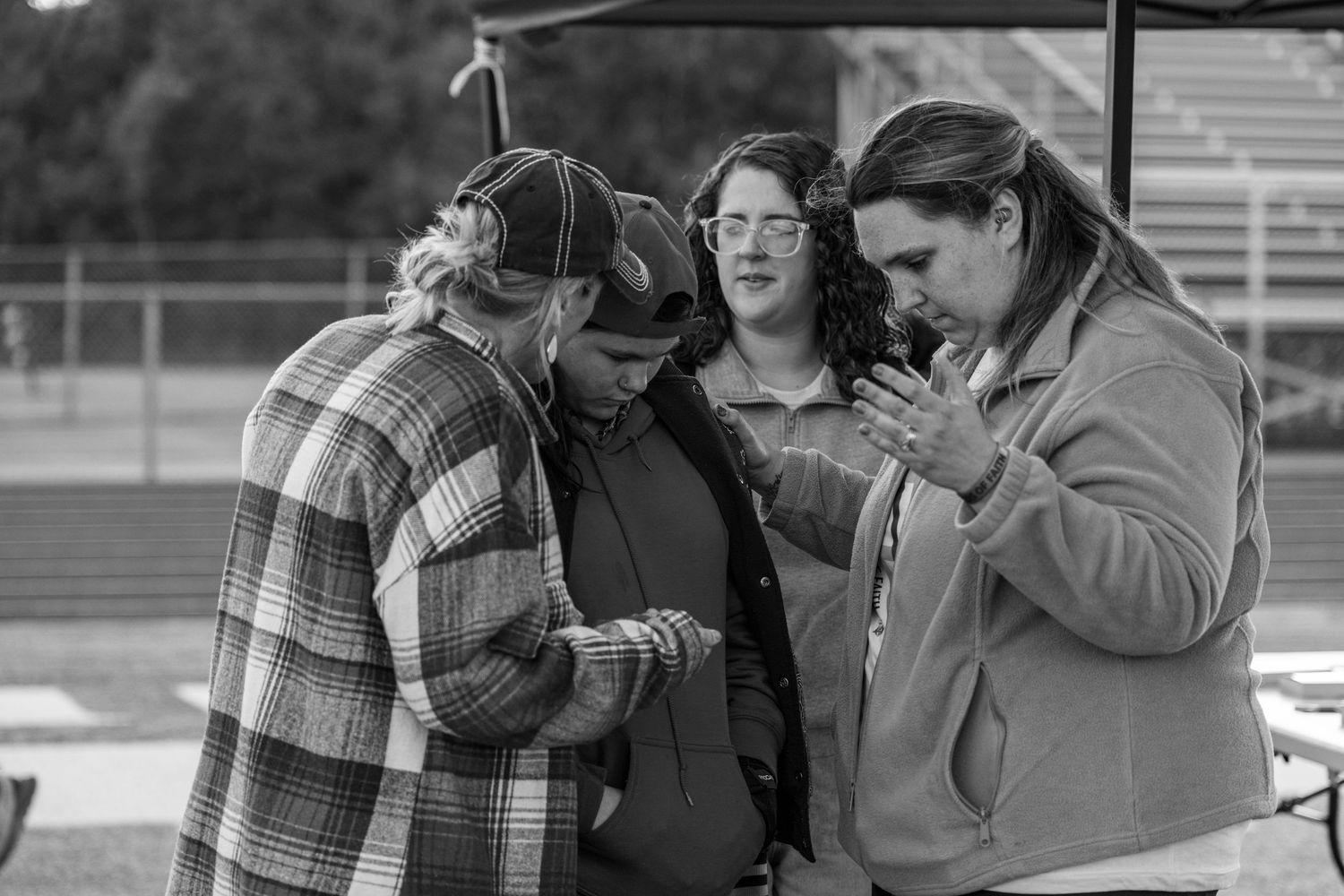 Three people bow their heads together in prayer at an outdoor Christian gathering.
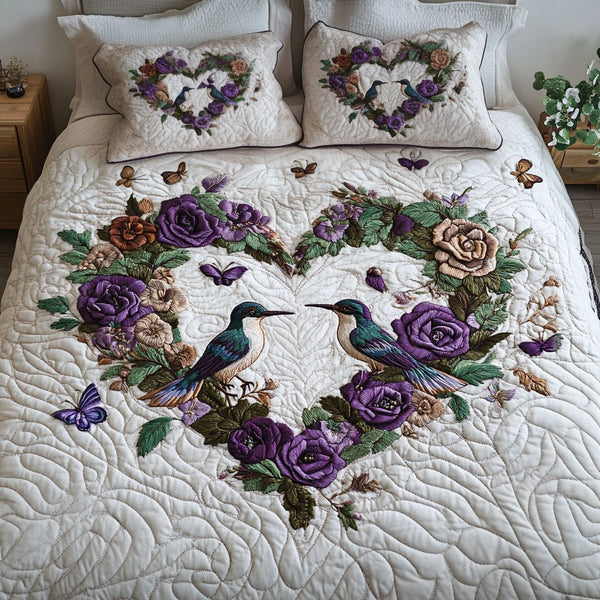 Graceful Garden quilted 3-piece bedding set on a made bed with two matching pillow shams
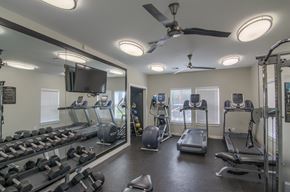 Moore apartment for rent - A spacious gym with a variety of equipment including treadmills, dumbbells, and a television.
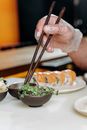 A Person Wearing Gloves Clamping Leaves with Chopsticks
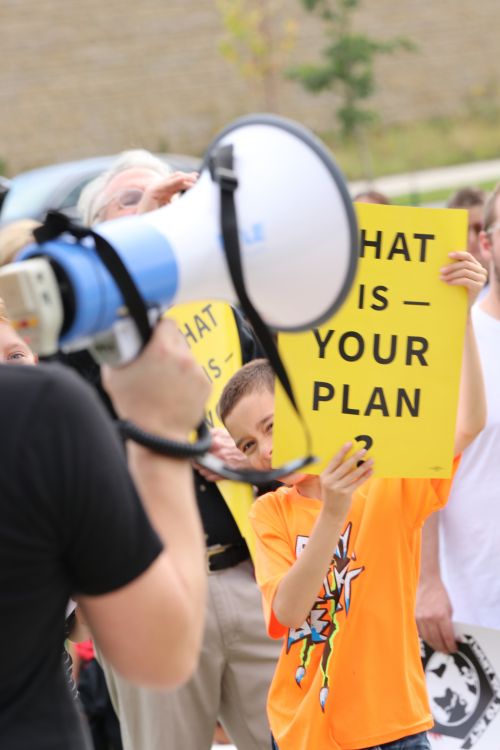 A young child holding up a sign to raise awareness on climate change - photograph by C.S. Hagen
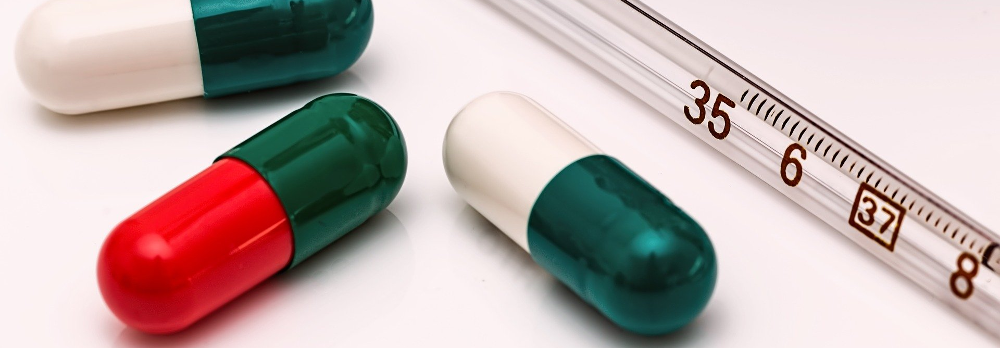 3 pills and a thermometer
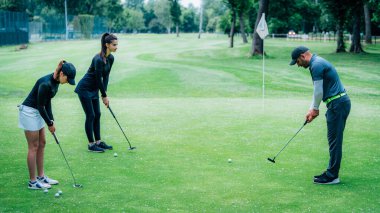 Golf öğreniyorum. Golf hocası ve golf sahasında genç bir kadın.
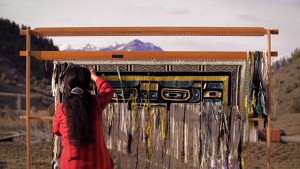 A woman is weaving on a wooden frame with mountains in the background.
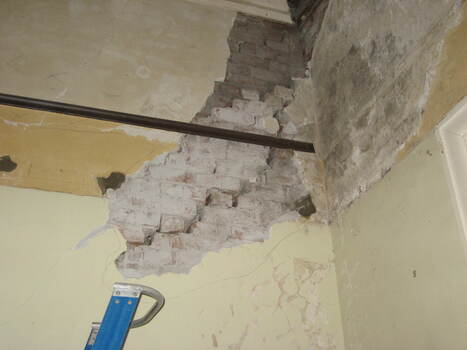 Damage to the front Office wall.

Exercise objective
The entries above, without their pictures, should be written out exactly.

Output for this task
 Three people bow their heads together in prayer at an outdoor Christian gathering.
 Graceful Garden quilted 3-piece bedding set on a made bed with two matching pillow shams
 Moore apartment for rent - A spacious gym with a variety of equipment including treadmills, dumbbells, and a television.
 A Person Wearing Gloves Clamping Leaves with Chopsticks
 A young child holding up a sign to raise awareness on climate change - photograph by C.S. Hagen
 3 pills and a thermometer
 Golf öğreniyorum. Golf hocası ve golf sahasında genç bir kadın.
 A woman is weaving on a wooden frame with mountains in the background.
 Damage to the front Office wall.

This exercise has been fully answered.